Our car was dented-the driver's door now only opens about 10 inches, but it seemed like everything else was okay. And hey, we're fairly small people, we can squeeze through.
Two nights later, when Kent was on his way to the Cub Scout pack meeting, the car's headlights both went out.
We simply didn't drive after dark for the next two days.
On Friday we took the car to the auto parts store to get the headlights replaced. In the process, something happened with the fuses (maybe?) and now the car won't accelerate.
Okay, so we squeeze in, then drive slowly. We've had worse in our lives (gold 1985 toyota wonder wagon, anyone?). Kent took the car in on Saturday morning to get it fixed. What we thought would be a little problem with a belt or something ended up being 5 broken motor mounts (at $300 a piece this was no longer an easy quick fix).
The car is in the shop all day Saturday, so we're stuck home, without all the supplies we need to get started on the tile in our bathroom. But we made the best of it, really.
On Sunday, Nicholas and I stayed home from Church because he has a cold that I don't want to share with anyone. Kent got pulled over on his way home after Church. Our new registration cards and insurance cards haven't arrived yet. Expired registration, incorrect address on driver's license, and no insurance. $700-ish ticket. (We hope they'll drop it when he goes to court with proof that we did have current registration and insurance at the time.)
Kent stayed home on Monday and got all the tile layed. It is really looking good, by the way. He's wonderful to do all of that work.
Tuesday was probably the 2nd hardest day I've ever had with Nicholas. And really, it was probably my fault.
He only wants to eat crackers and treats. So yesterday I put all the treats away and if he didn't eat what I was offering him (foods that he normally loves-toast, strawberries, yogurt, etc.), that was all he got. But not getting his crackers and fruit snacks was something he just couldn't understand.
And he's gotten much smarter all of the sudden, which means that life is suddenly much more frustrating for him.
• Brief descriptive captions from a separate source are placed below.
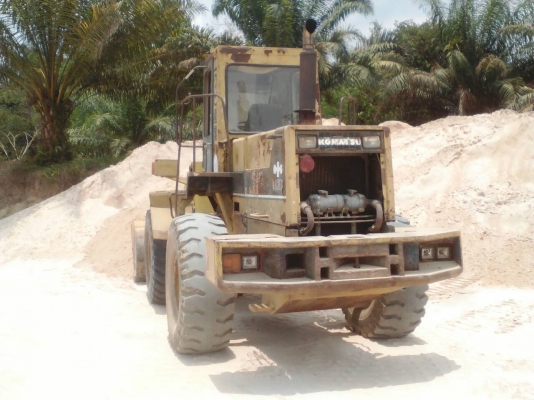 ขายรถตักล้อยาง KOMATSU WA300-1 ไม่มีเอกสาร ราคา 550000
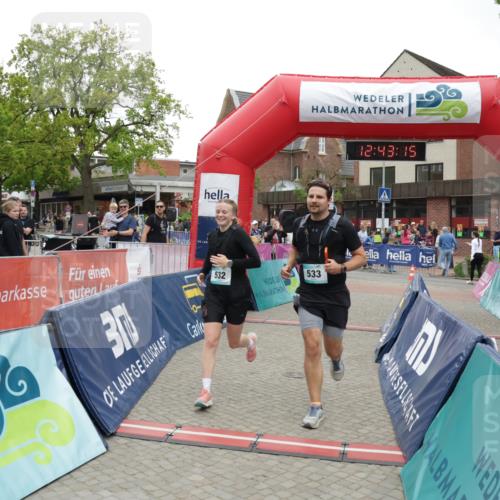 10.05.2026 - 8. Wedeler Halbmarathon Yannick Fuchs http://msf.ph/oto/9734527 10.05.2026 12:43:13 Ziel 532, 533 meine-sportfotos.de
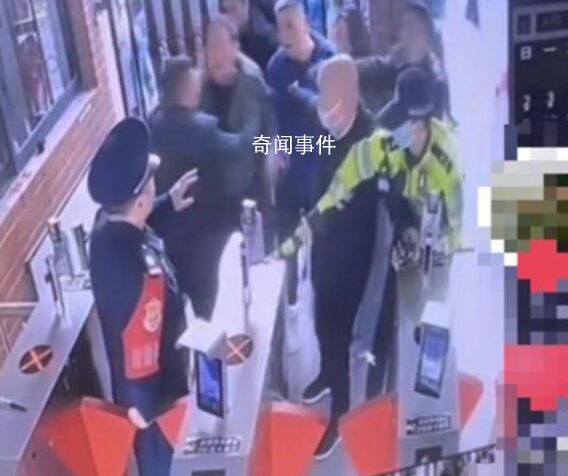 安徽一中學兩男生與保安起沖突 警方已介入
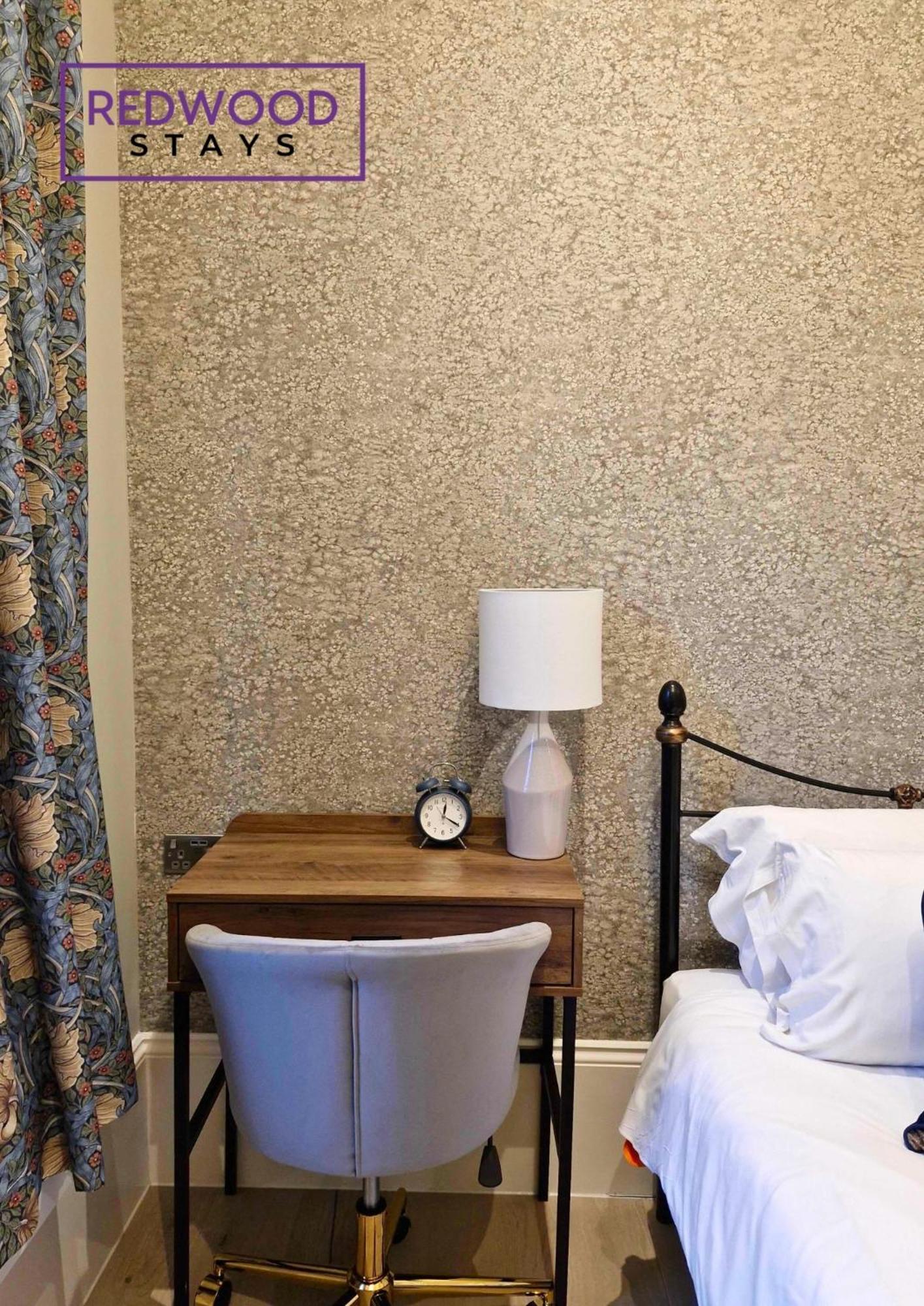 Apartment Quality 2 Bed 1 Bath For Contractors By Redwood Reading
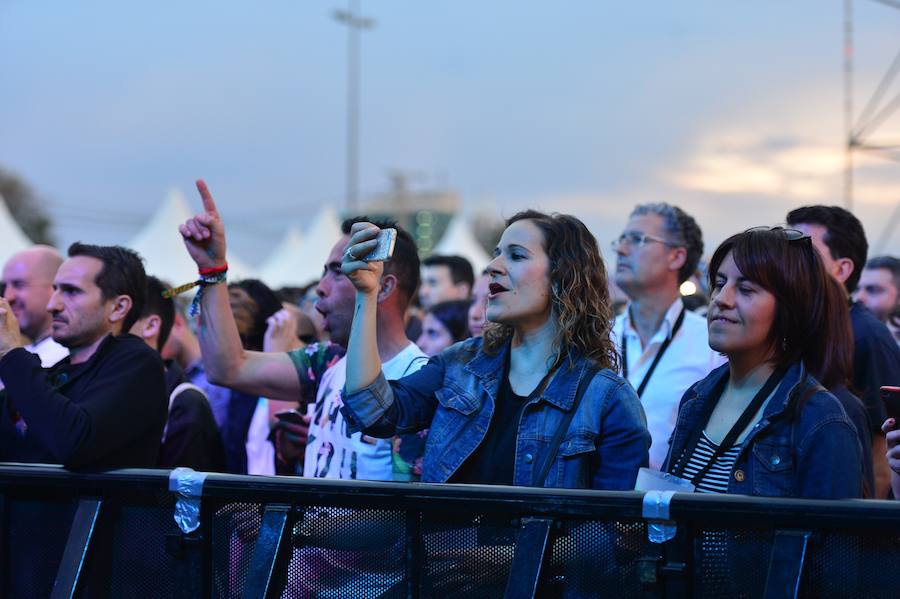 Miles de murcianos se volvieron a congregar en La Fica para disfrutar de la última jornada del WARM UP, marcada por las actuaciones de Alt-J, Izal, Dorian, Neuman o Cooper, entre otros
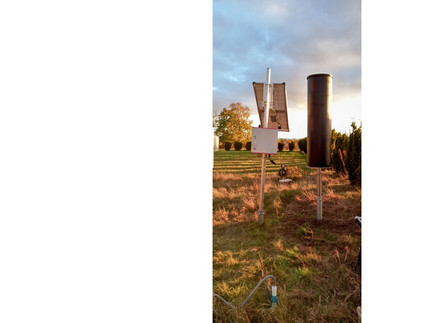 Adequate field measurements are key for hydorlogical modelling. Here, a permanently installed cosmic ray neutron sensor at an upslope position in the Marquardt CRNS Cluster, complemented with measurements of point-scale soil moisture and weather variables.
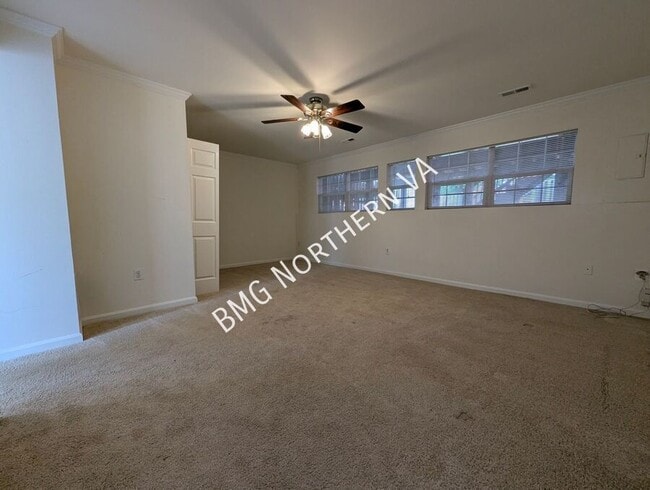 Building Photo - 10207 Magnolia Grove Dr
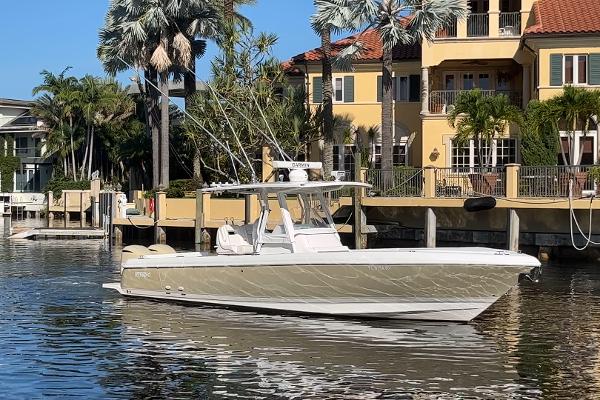 Photo of 2019 Intrepid 33'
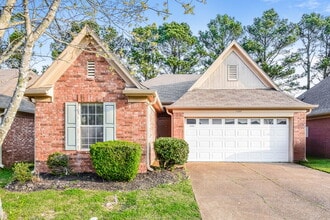 Building Photo - 1107 Breezy Valley Dr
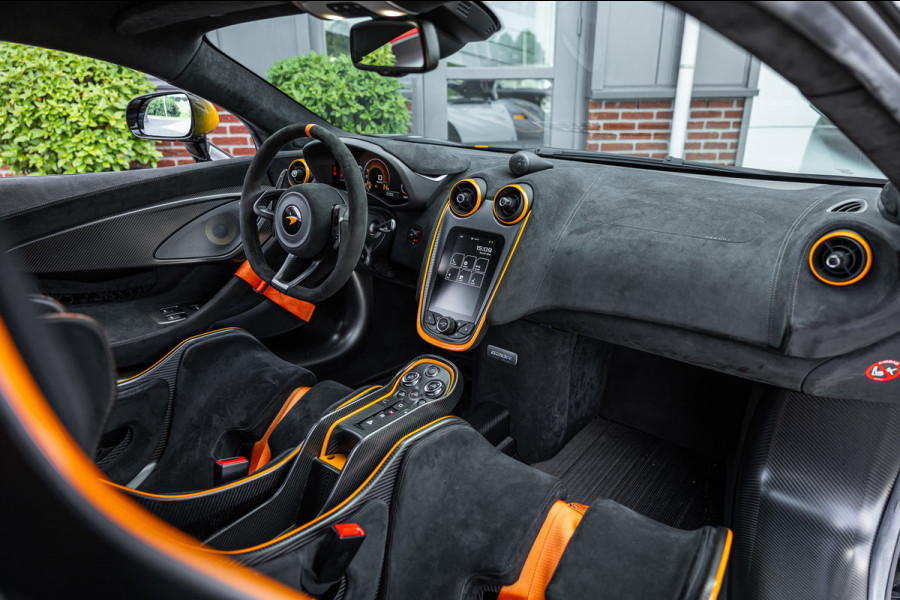 McLaren 620R 3.8 V8 / 1 of 225 / MSO R Pack / Bowers & Wilkins / MSO Defined Carbon Fibre / McLaren Track Telemetry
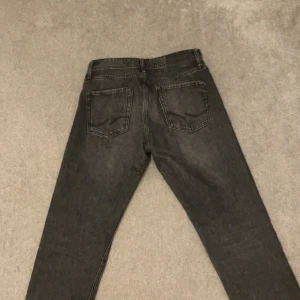 Jeans Jack and Jones  - Ett par jeans storlek 30/32 från Jack and Jones regular fit. 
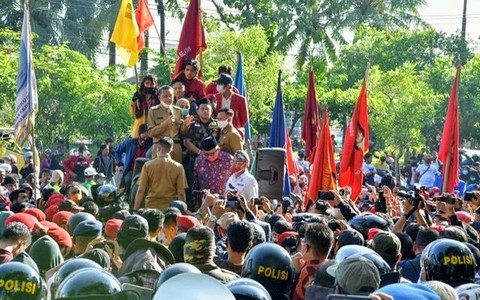 Nurdin Abdullah Tenangkan Massa Aksi dengan Penjelasan Sejuk Tentang UU Omnibus Law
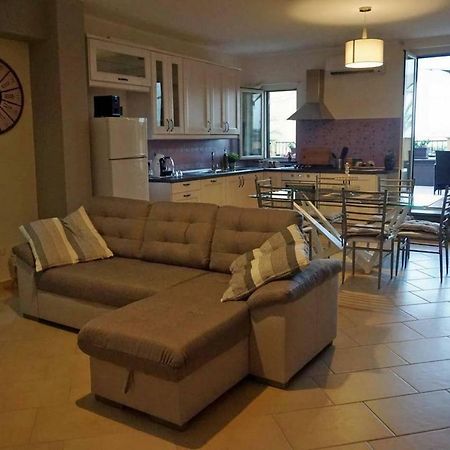 Lilly'S House Apartment Giardini Naxos Bagian luar foto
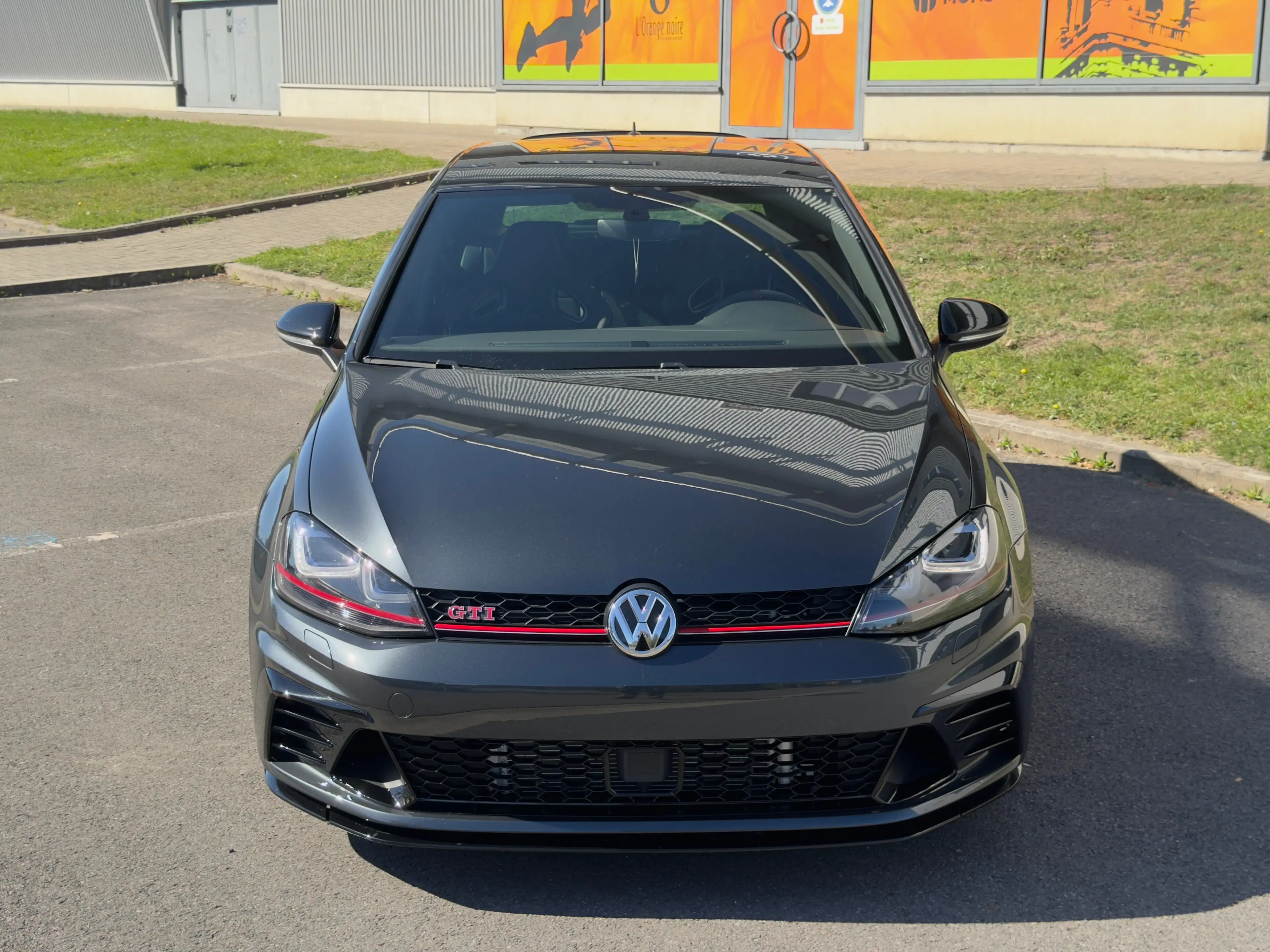 Volkswagen Golf GTI CLUBSPORT - RECARO - DSG - DYNAUDIO — photo 2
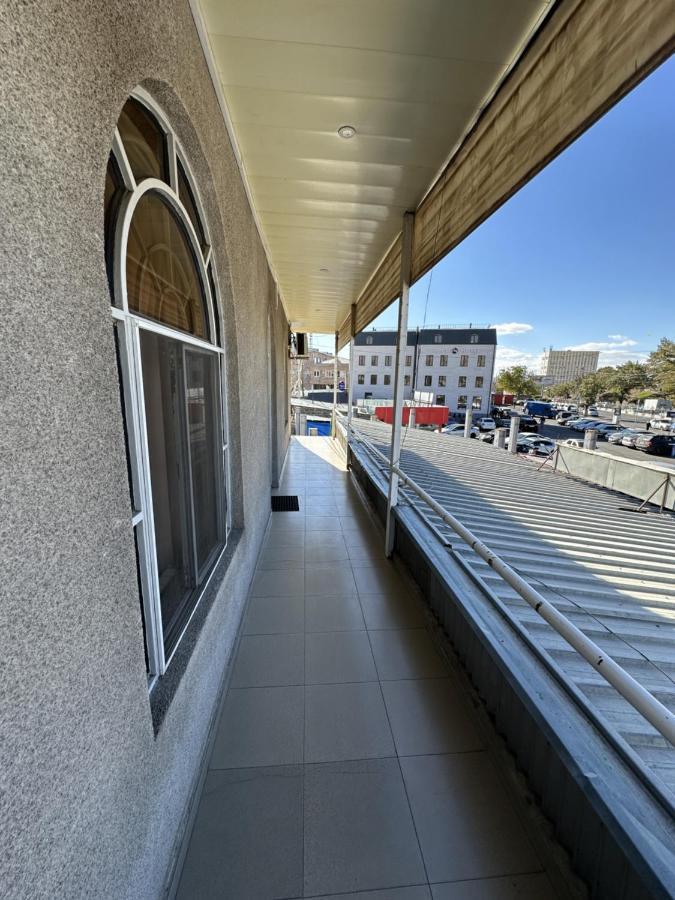 Rp Hotel- Hostel Yerevan Bagian luar foto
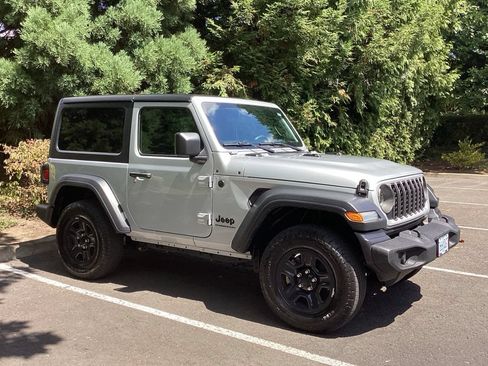 Used 2024 Jeep Wrangler Sport AWD/4WD image 8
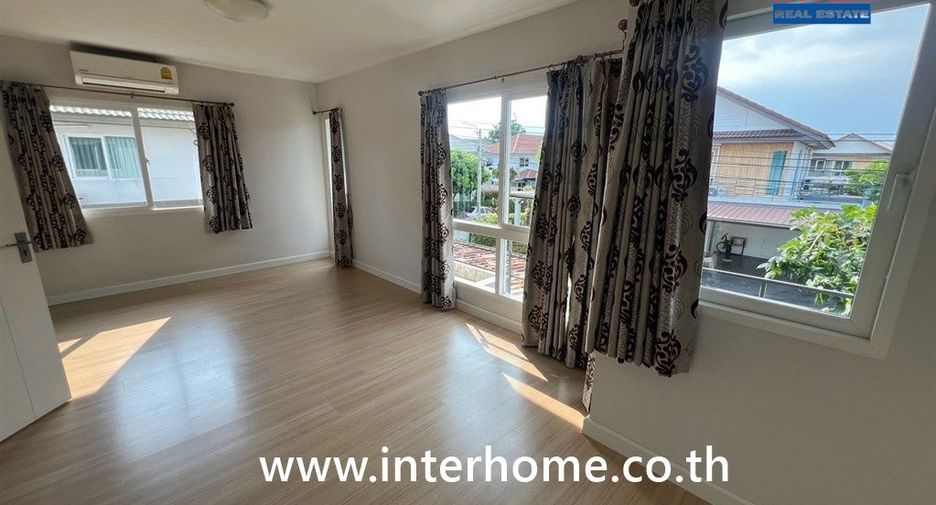 À vendre 3 chambres maison à Bang Khun Thian, Bangkok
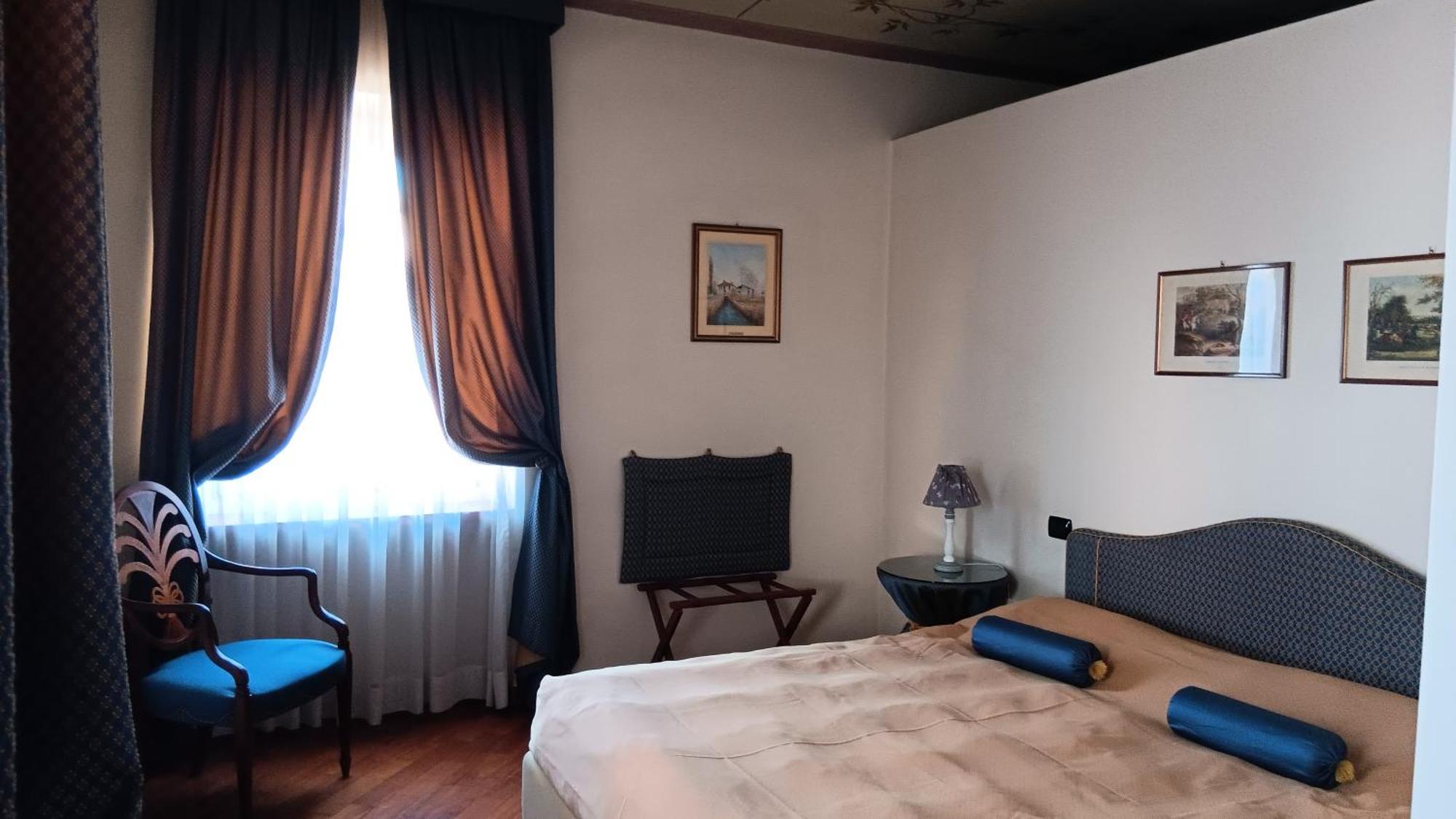 Bed and Breakfast Palazzo Finati à Alba  Extérieur photo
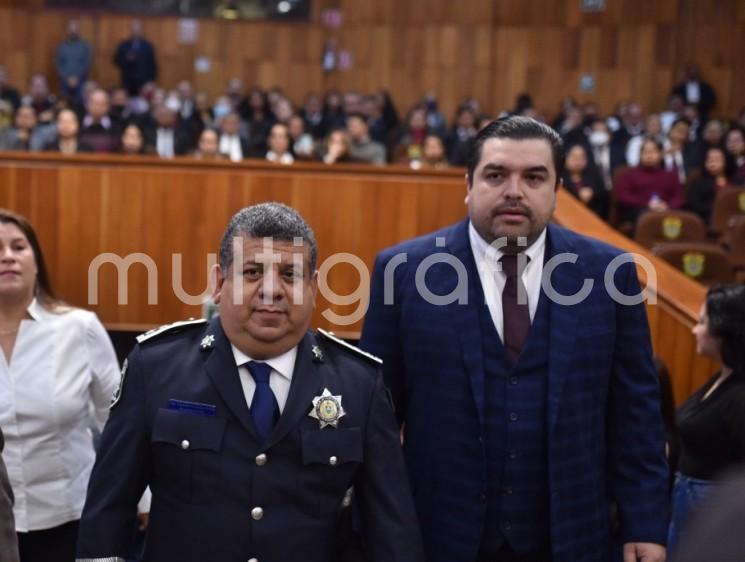 El secretario de Seguridad Pública, Cuauhtémoc Zúñiga Bonilla, compareció ante diputados como parte de la Glosa del IV Informe de Gobierno del Gobernador Cuitláhuac García Jiménez.

 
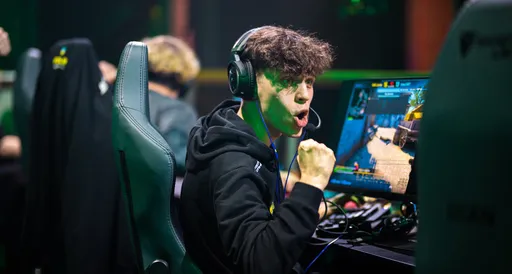 Aunkere и Calyx отказали в визе на RMR — Benched Heroes выступит с заменами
He doesn't want me making all of his choices for him, so I do my best to give him other options:
"Instead of playing with the scissors, why don't you play with this, or that, or that?" but of course he knows better and what he really wants is to play with every single thing in this house that he simply cannot for safety reasons. (I've stopped saying no for mess reasons-I'd rather clean up a puddle of water after he's done making "soup" than listen to him cry about it.)
And it was too cold for our usual escape-walking to the park. We were stuck in the house together and we weren't happy about it.
But me, I wasn't a good mom yesterday. I lost my temper. More than once or twice. I ran out of patience.
I tried tickling, dancing, wrestling, and singing with him to cheer myself up, and that worked for a while, but soon he was crying again, and soon,
I was crying too.
I wasn't the mother that Nicholas needs me to be. For the first time (probably of many to come) I felt like I had failed motherhood that day. It wasn't a happy feeling.
the sunshine and cupcakes.
I know who I am, and I know that I have a loving Father in Heaven.
So, I prayed. I prayed and cried and prayed some more. And I read the scriptures.
And this morning, I woke up.
I am the same person I was yesterday.
Today, though, Nicholas and I are working together instead of against each other.
Today, though, the power is out and we are dancing with flashlights.
Today, though, I feel strength beyond my own. It isn't in a singing choir or a burst of light or a car that is fixed or even in a toddler who eats his breakfast.
It is quiet, deep, and constant. And it is enough.
That is where the sunshine and cupcakes come from.